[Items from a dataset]

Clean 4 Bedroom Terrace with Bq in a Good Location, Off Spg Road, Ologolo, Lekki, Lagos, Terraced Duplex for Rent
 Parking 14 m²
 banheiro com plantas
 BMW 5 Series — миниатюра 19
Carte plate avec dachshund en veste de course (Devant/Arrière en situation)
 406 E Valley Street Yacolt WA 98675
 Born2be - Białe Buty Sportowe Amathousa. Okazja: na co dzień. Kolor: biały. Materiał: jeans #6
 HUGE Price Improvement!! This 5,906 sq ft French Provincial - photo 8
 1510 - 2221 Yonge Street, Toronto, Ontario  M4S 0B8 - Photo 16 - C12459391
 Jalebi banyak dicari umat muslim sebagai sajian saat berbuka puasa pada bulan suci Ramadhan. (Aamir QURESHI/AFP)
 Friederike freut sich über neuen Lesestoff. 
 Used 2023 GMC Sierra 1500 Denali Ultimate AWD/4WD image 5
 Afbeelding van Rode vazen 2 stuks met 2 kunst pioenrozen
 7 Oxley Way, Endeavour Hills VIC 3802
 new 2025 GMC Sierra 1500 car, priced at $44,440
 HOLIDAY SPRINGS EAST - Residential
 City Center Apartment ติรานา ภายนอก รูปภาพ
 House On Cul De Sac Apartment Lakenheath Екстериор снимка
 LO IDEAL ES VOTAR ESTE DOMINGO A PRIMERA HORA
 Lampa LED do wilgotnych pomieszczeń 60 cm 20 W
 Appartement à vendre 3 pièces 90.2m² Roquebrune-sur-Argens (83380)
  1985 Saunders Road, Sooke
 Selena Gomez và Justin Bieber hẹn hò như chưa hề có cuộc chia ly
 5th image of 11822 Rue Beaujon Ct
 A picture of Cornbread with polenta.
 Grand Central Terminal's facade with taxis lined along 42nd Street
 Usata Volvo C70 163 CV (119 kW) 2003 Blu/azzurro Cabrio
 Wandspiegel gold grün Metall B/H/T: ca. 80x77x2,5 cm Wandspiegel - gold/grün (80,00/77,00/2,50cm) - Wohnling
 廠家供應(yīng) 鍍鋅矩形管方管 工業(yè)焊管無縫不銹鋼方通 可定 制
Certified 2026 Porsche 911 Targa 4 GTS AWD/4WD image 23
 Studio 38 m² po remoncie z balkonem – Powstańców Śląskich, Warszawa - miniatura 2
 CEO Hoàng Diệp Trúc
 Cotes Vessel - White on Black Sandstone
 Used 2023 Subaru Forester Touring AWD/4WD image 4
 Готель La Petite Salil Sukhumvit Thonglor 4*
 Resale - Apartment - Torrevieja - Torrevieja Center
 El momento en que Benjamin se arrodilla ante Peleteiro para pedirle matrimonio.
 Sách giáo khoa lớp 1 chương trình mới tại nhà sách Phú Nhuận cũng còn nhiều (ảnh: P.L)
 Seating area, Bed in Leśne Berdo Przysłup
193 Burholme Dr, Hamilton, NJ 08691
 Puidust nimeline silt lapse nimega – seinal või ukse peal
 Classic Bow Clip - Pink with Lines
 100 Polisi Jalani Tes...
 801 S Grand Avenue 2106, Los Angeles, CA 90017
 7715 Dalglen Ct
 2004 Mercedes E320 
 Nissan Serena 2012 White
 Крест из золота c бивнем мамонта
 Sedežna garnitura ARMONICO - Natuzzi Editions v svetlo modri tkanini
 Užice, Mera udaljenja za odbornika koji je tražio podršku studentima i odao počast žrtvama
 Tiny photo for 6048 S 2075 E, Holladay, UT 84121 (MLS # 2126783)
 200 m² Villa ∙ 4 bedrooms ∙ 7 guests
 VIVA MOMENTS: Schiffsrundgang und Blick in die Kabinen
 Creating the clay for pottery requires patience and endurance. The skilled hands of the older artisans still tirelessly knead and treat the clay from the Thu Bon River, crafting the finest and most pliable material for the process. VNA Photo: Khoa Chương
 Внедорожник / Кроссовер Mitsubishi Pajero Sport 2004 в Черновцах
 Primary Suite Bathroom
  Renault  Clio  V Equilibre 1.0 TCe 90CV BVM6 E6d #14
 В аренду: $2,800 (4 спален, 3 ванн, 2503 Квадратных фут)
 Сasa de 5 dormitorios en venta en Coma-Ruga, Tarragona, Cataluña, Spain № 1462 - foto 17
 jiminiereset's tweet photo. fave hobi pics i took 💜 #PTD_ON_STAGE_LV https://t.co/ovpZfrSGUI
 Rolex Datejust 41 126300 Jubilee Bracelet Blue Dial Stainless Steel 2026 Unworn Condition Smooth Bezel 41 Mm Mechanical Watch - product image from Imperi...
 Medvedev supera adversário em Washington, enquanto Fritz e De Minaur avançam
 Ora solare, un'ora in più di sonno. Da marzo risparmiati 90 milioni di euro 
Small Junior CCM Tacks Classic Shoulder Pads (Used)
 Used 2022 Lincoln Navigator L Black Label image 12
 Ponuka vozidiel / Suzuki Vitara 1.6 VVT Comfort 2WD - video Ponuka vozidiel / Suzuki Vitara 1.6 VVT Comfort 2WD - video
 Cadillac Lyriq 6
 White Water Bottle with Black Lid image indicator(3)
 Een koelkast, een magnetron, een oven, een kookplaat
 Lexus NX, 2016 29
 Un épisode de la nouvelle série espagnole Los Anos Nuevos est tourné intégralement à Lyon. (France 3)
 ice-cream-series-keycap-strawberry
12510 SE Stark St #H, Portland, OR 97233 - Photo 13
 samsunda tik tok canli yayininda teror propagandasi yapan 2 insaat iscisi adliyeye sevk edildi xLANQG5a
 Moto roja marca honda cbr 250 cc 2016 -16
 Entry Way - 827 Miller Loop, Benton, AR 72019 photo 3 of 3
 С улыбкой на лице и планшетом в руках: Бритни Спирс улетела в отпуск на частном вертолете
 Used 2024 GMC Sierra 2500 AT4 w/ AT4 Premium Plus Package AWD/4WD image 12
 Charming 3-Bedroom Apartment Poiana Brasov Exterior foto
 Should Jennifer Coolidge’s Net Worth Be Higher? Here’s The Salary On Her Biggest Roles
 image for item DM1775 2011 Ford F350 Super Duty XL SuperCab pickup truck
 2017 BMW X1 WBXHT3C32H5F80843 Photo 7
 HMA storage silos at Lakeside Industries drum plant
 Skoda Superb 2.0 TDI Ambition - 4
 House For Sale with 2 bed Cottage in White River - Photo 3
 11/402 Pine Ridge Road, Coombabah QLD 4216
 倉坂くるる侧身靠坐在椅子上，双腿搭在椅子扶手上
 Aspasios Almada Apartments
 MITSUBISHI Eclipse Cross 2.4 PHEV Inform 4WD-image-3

PROBLEM REQUIREMENTS -> All lines that hold the word "White" should be copied from the data.

EXERCISE RESPONSE ->
 Cotes Vessel - White on Black Sandstone
 Nissan Serena 2012 White
 White Water Bottle with Black Lid image indicator(3)
 House For Sale with 2 bed Cottage in White River - Photo 3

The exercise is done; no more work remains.